Given information:

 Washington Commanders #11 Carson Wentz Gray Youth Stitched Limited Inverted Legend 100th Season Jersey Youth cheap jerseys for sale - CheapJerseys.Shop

...

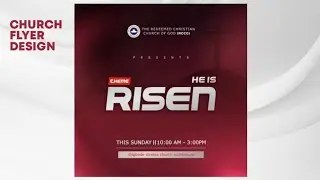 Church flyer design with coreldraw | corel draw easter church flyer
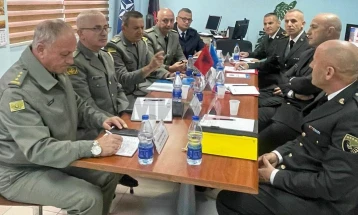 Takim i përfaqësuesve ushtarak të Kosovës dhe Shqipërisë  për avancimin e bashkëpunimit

Your objective:
Would you set down only the lines above from the line with "Church flyer design" to the line with "Takim i përfaqësuesve", both included, exactly as they stand and without the pictures?

The answer:
 Church flyer design with coreldraw | corel draw easter church flyer
 Takim i përfaqësuesve ushtarak të Kosovës dhe Shqipërisë  për avancimin e bashkëpunimit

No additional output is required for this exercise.